[Stored data entries]
+++

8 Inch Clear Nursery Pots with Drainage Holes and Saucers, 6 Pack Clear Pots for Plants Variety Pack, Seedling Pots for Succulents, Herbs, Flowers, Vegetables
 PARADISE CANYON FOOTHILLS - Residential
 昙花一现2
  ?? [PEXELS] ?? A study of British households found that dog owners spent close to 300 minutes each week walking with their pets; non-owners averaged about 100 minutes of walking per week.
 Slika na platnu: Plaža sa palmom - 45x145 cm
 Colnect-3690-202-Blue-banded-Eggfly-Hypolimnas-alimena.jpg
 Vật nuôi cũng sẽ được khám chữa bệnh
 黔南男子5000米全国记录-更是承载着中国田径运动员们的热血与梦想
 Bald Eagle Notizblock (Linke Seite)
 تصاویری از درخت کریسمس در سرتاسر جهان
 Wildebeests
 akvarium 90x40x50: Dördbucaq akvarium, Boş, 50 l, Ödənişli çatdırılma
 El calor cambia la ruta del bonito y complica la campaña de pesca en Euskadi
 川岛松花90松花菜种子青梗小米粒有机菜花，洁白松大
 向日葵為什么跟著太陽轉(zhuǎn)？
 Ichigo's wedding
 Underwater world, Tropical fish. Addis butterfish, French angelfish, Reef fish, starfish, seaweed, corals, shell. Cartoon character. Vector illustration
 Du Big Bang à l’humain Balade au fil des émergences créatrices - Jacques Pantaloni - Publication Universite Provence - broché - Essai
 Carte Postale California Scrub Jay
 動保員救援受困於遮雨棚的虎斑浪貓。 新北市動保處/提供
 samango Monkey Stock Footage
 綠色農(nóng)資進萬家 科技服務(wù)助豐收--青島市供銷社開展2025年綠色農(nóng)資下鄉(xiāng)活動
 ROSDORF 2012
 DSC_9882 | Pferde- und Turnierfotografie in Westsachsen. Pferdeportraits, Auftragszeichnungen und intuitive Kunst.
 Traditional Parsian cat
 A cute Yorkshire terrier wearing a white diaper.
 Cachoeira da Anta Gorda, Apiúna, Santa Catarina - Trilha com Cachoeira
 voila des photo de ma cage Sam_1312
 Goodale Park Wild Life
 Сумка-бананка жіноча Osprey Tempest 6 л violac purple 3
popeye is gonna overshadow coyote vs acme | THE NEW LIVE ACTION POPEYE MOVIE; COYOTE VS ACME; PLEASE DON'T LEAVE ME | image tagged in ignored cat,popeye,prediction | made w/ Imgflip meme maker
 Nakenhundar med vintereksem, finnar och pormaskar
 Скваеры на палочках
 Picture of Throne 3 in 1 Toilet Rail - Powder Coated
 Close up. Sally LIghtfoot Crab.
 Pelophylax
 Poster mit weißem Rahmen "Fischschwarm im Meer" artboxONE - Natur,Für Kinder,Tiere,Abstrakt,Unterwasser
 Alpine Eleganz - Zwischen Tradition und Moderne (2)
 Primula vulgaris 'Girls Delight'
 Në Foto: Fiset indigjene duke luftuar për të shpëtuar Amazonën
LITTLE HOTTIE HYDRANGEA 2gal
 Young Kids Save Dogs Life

+++

TASK TO COMPLETE -> Write the lines out again exactly, from the one containing "LITTLE HOTTIE HYDRANGEA 2gal" through the last line of the records, and include no other lines.

WRITTEN RESPONSE ->
LITTLE HOTTIE HYDRANGEA 2gal
 Young Kids Save Dogs Life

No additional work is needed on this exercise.